Exercise inputs START

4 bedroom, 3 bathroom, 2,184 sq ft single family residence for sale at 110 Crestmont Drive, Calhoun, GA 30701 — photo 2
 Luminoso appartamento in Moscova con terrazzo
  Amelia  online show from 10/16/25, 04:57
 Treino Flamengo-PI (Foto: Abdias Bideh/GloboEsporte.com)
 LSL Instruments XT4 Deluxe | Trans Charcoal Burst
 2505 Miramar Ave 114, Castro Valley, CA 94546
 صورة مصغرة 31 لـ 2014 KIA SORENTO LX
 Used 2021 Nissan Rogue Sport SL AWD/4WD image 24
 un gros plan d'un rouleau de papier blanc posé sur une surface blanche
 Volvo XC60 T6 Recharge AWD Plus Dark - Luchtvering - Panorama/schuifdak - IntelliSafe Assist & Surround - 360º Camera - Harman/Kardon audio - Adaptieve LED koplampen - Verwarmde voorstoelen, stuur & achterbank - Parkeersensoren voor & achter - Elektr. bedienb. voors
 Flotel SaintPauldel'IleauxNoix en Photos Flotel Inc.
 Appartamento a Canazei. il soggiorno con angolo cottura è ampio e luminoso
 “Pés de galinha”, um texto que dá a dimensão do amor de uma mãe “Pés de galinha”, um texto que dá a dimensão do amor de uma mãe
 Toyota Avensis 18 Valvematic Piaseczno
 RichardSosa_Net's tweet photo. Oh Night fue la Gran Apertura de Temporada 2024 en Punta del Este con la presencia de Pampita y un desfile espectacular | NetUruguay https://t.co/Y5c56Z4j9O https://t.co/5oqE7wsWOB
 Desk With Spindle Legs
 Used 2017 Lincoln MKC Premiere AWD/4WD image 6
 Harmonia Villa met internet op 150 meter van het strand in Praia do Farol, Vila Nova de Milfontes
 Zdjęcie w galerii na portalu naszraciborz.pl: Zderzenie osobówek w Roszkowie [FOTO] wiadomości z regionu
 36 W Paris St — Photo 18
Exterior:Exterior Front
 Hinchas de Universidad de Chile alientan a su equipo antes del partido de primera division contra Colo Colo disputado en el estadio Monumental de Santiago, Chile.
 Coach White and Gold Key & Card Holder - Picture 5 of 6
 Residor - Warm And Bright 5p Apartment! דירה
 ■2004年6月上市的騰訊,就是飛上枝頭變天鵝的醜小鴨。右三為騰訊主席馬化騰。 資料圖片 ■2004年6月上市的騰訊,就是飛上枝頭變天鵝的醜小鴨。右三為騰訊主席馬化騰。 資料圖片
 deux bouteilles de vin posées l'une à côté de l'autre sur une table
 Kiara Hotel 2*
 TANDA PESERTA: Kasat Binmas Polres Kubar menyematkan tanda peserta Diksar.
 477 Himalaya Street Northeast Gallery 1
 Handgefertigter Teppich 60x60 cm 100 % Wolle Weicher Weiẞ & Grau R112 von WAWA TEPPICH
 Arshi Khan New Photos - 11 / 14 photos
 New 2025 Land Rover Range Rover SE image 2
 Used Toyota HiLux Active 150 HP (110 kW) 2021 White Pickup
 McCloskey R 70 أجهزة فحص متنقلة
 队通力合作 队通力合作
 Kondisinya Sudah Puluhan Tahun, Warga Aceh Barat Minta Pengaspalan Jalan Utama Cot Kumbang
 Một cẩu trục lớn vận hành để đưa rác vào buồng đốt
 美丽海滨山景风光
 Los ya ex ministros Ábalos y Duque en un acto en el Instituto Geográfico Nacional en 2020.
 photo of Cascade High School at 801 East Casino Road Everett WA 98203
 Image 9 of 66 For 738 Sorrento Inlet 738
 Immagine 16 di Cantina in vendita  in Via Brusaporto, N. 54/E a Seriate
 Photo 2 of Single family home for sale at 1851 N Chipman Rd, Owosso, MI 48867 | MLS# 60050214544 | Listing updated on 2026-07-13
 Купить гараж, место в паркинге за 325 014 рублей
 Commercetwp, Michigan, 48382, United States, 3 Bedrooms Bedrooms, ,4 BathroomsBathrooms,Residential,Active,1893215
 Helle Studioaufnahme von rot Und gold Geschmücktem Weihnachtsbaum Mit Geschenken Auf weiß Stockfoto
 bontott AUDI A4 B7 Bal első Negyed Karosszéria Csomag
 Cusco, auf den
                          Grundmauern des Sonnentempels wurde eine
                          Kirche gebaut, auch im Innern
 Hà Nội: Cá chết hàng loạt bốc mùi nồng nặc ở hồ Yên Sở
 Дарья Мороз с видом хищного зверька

Exercise inputs END

(What this task involves) Show each line of the material above where "sale" occurs.

(Expected answer)
4 bedroom, 3 bathroom, 2,184 sq ft single family residence for sale at 110 Crestmont Drive, Calhoun, GA 30701 — photo 2
 Photo 2 of Single family home for sale at 1851 N Chipman Rd, Owosso, MI 48867 | MLS# 60050214544 | Listing updated on 2026-07-13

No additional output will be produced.